◆ **Aim of the task**: The full listing, word for word and free of images, is the expected result.

Start of Given data

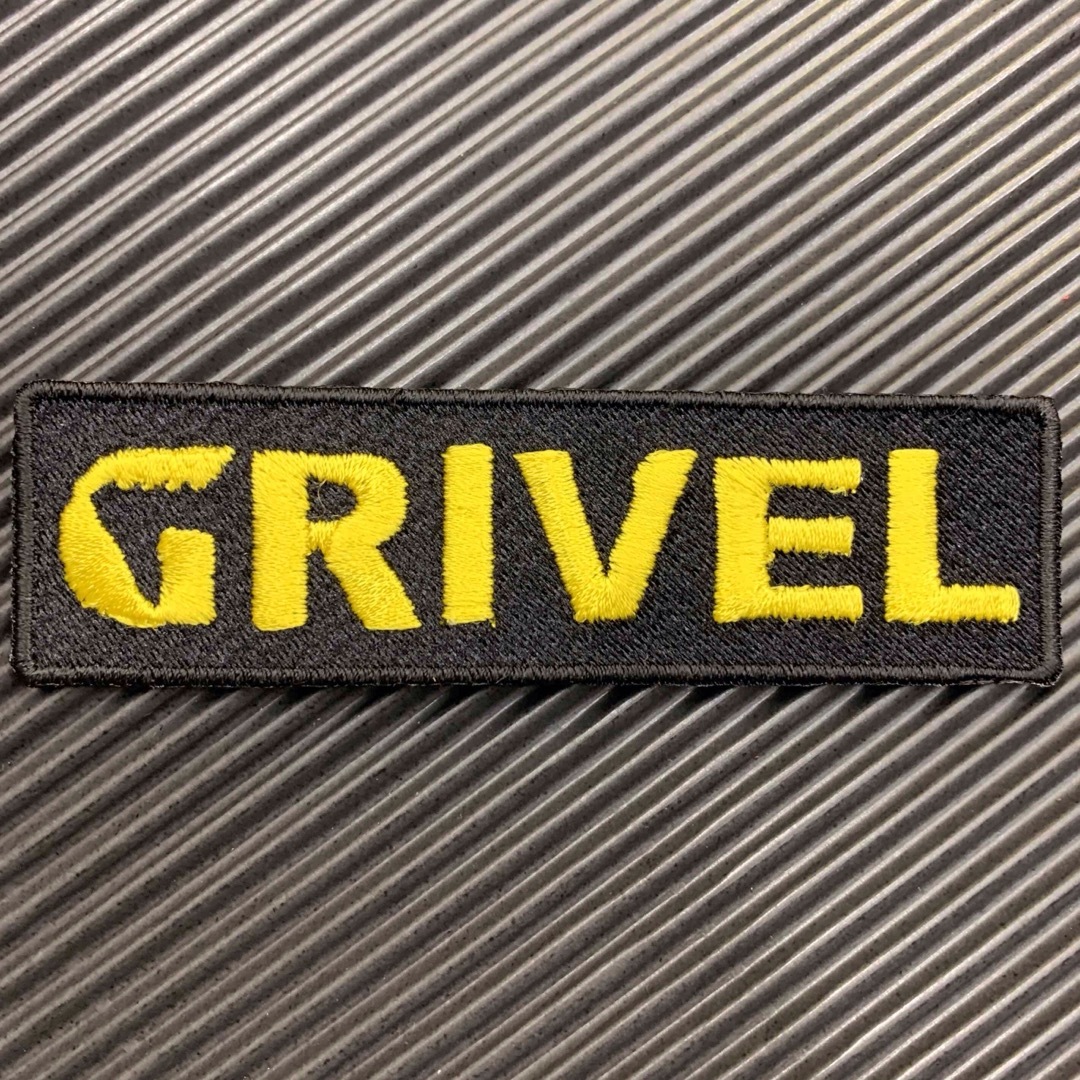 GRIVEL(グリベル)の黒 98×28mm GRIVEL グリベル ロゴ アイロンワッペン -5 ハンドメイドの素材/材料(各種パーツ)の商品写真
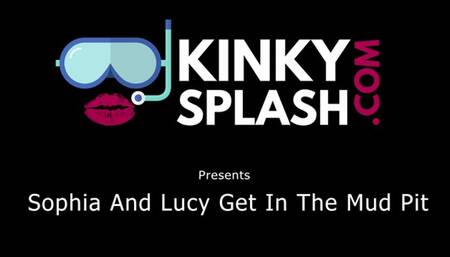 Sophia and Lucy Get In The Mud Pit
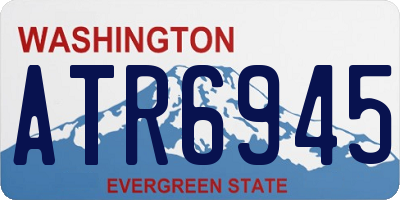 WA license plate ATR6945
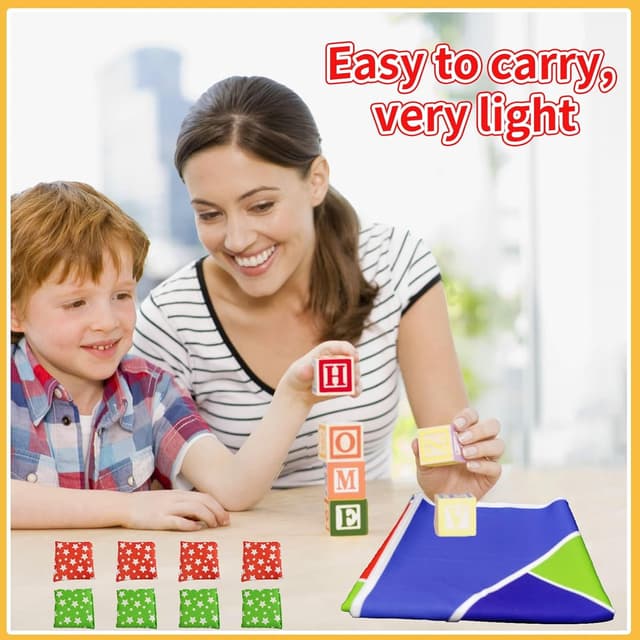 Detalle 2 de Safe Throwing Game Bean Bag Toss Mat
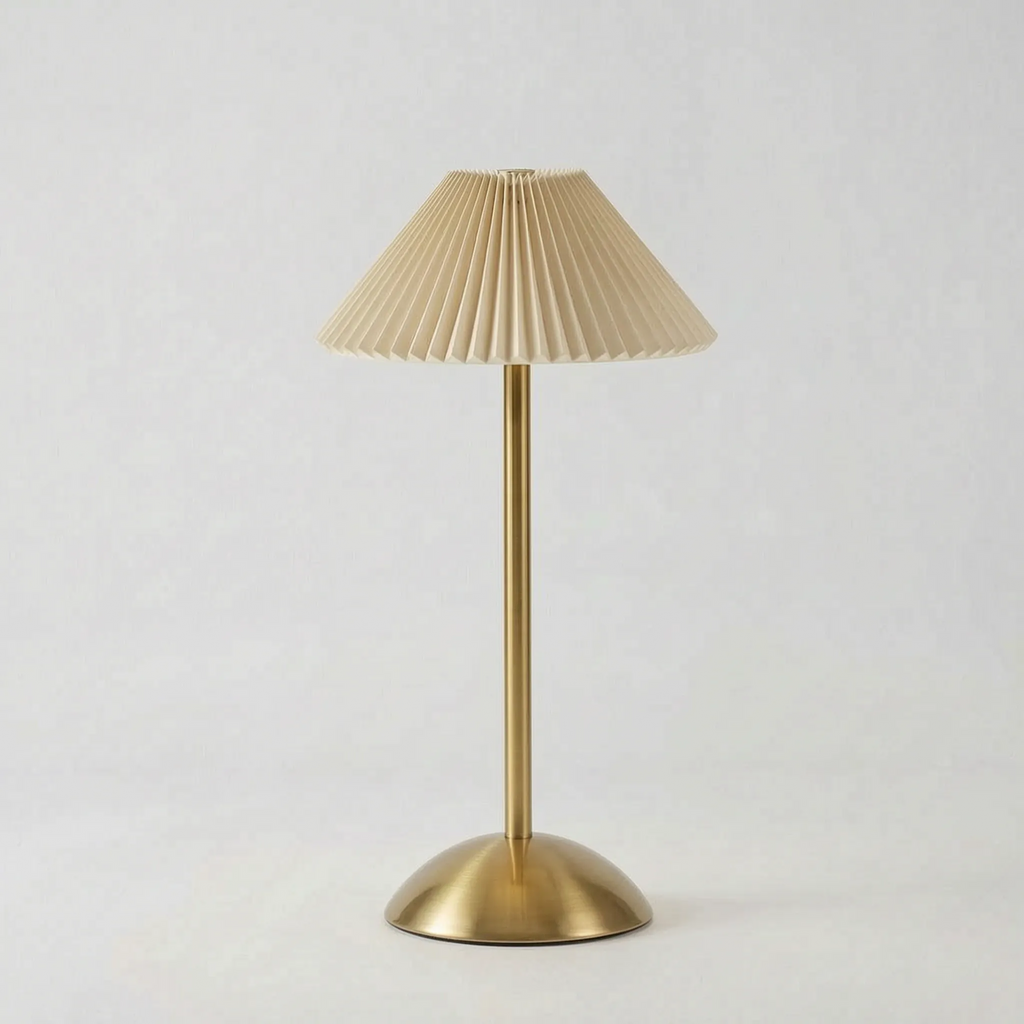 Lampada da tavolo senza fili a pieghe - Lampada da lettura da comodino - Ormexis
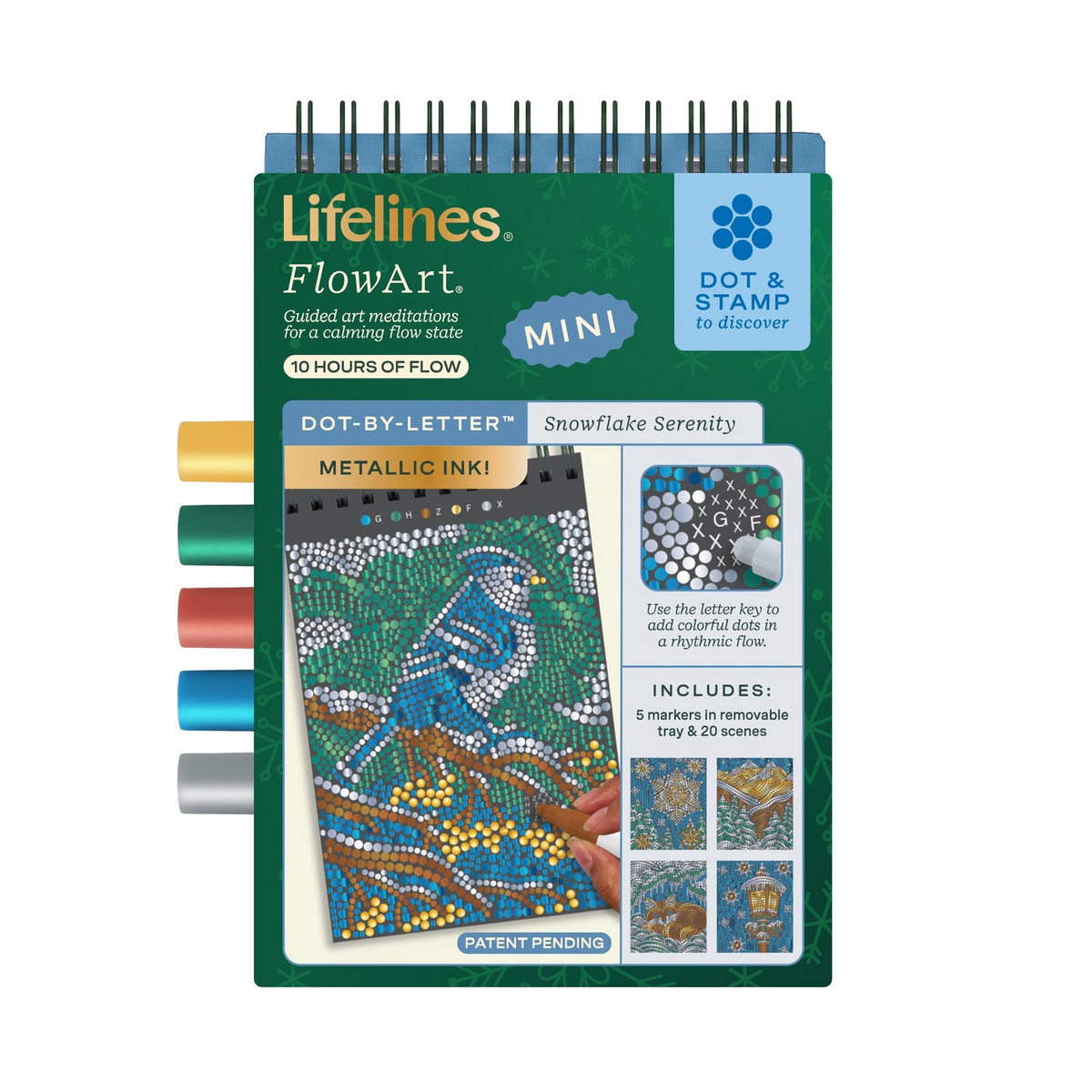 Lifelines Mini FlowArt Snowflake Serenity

End of Given data

◆ **Problem solution**:
 GRIVEL(グリベル)の黒 98×28mm GRIVEL グリベル ロゴ アイロンワッペン -5 ハンドメイドの素材/材料(各種パーツ)の商品写真
 Sophia and Lucy Get In The Mud Pit
 WA license plate ATR6945
 Detalle 2 de Safe Throwing Game Bean Bag Toss Mat
 Lampada da tavolo senza fili a pieghe - Lampada da lettura da comodino - Ormexis
 Lifelines Mini FlowArt Snowflake Serenity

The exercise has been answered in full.